この疑問に答えるため、私たちは植物のシロイヌナズナを用いて研究を行ってきました。その結果、H3K9me2はヒストン脱メチル化酵素 (注3) LDL2を呼び込み、別のヒストン修飾であるH3の4番目のリジンのモノメチル化 (H3K4me1) を除くことによって転写を抑制していることが明らかになりました (関連プレスリリース①)。H3K4me1には転写を促進する働きがあるため (関連プレスリリース②)、H3K4me1を除くことで転写を抑制できるということです。本研究ではLDL2の機能に必要な新規因子としてMBD8を同定し、その機能を明らかにしました。

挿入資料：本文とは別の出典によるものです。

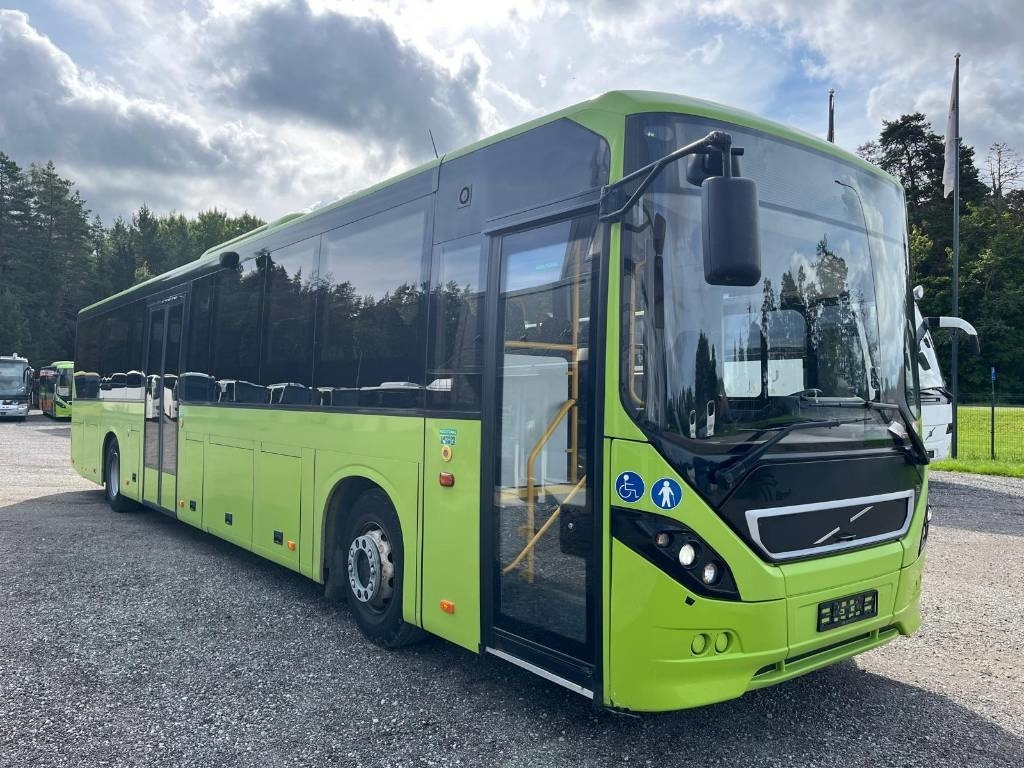 Volvo 8900 B8R - Helyközi busz: 2 kép. Volvo 8900 B8R - Helyközi busz: 2 kép.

本研究ではまず、LDL2に結合して共に働く因子を探索するため、免疫沈降質量分析 (IP-MS) (注4) を行いました。その結果、MBD8というタンパク質がLDL2と結合することがわかりました。MBD8はメチル化シトシン (注5) に結合するMethyl-CpG Binding Domain (MBD) を持つタンパク質ファミリーに属しますが、その機能は明らかになっていませんでした。本研究チームは、MBD8がLDL2の機能に必要なのではないかと仮説をたて検証しました。

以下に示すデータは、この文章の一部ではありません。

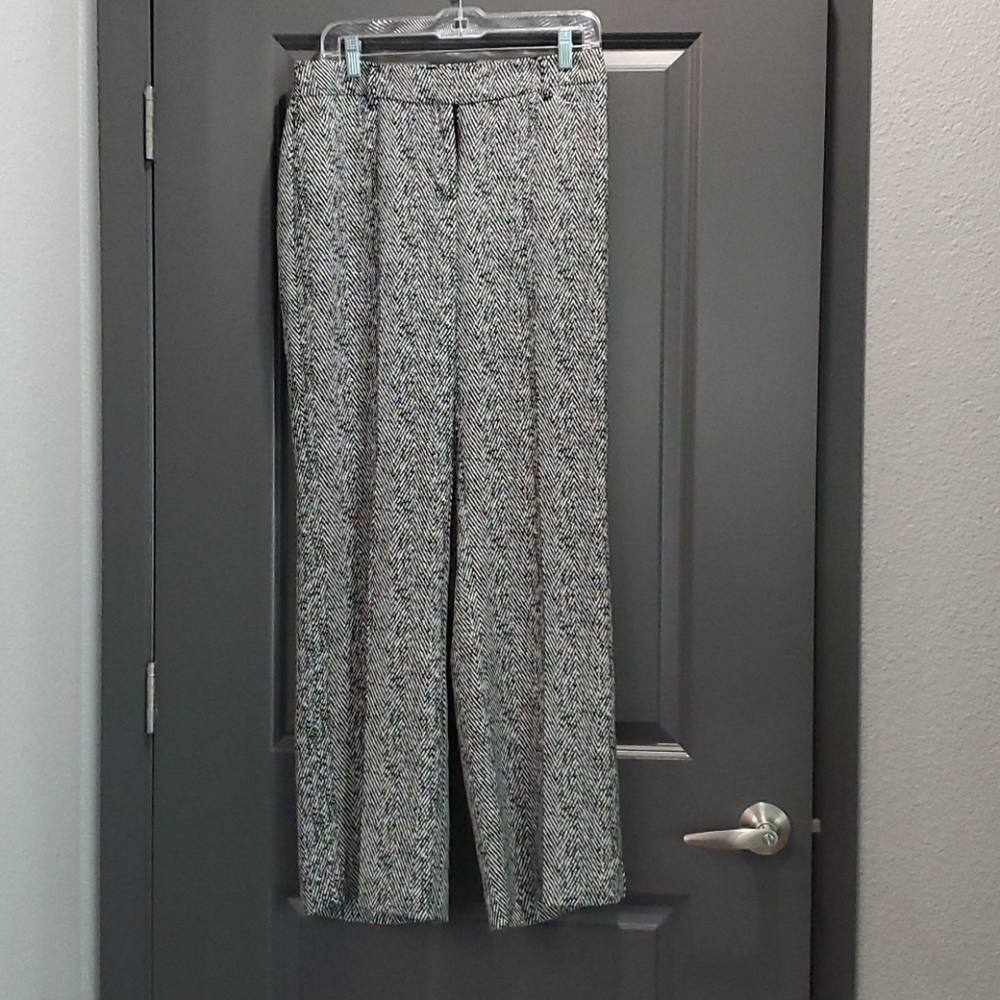 EUC White House Black Market Dress Pants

ibm1変異体では、本来存在すべきではない遺伝子領域にH3K9me2が広がり、LDL2によるH3K4me1除去を引き起こされることで、不適切な遺伝子抑制とそれに伴う発生異常が生じます。一方ibm1 ldl2二重変異体では、LDL2によるH3K4me1除去が起こらないため、発生異常が抑えられます。もしMBD8がLDL2の機能に必要ならば、ibm1 mbd8二重変異体でも同様に発生異常が抑えられるのではないかと考えました。実際、ibm1 mbd8二重変異体では発生異常が抑えられ (図1)、ibm1変異体に比べてH3K4me1レベルと転写量も回復していました。このことから、MBD8はLDL2がH3K4me1を除く機能に必要な因子であることがわかりました。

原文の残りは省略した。